Resumen de La alegoría de la caverna (Platón)

La alegoría de la caverna es un diálogo de la obra platónica República, en el que Sócrates invita a imaginar, a su vigoroso oyente Glaucón, tres hombres que desde antaño habían vivido en una caverna sujetos desde sus extremidades y cuellos por fuertes cadenas. Frente a ellos no residía más que un gran paredón, única visión posible desde su perspectiva, dadas sus ataduras. A sus espaldas reposaba una suerte de tabique y, detrás de éste, un fuego ardía constantemente. A diario circulaban y hablaban un enjambre de personas, en un punto medio entre el fuego y el tabique, que transportaban figuras y esculturas de animales y otros individuos de modo que, por la luz que emitía la llama, sus sombras se proyectaban frente a los encadenados en los confines de la caverna; no así la de los transeúntes, que eran interceptadas por el tabique.

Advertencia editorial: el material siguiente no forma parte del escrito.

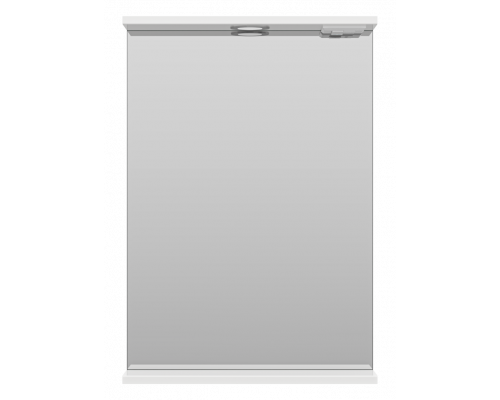 Купить Енисей - 50 зеркало со светом в магазине сантехники Santeh-Crystal.ru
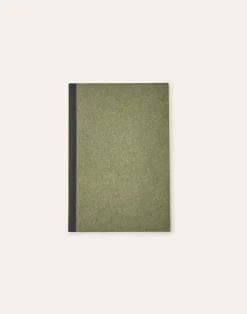 Natura Selection Libreta A5 Papel Reciclado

Sócrates concluye, entonces, que los presidiarios habrían de creer que dichas voces correspondían en realidad a las figuras de los animales, pues no accedían a otras sombras más que a las de aquellas esculturas, que incluso daban por reales.

A continuación, consideremos que uno de ellos es liberado y arrastrado forzosamente a la superficie. Llegado allí, por haber permanecido durante eones en las tinieblas, indudablemente la luz del sol lo encandilaría y enceguecería temporalmente, de modo que no podría percibir un mundo que desconocía. Por esta misma razón, querría volver de inmediato a su antigua y oscura morada, en donde su visión permanecía intacta. No obstante ello, fue obligado a habitar en la superficie hasta tanto sus ojos se hayan acostumbrado y se encuentren aptos para percibir con claridad los objetos a plena luz del día. Llegado este momento, reflexionaría y concluiría que todas las cosas que creía conocer no eran más que sombras e imitaciones de un mundo que había permanecido oculto para él y sus congéneres. Sus grandes ansias de regresar a aquella caverna se habrían esfumado, y recordaría con aflicción a sus antiguos compañeros que, creyendo conocer algo, discutían y deliberaban en una completa ignorancia.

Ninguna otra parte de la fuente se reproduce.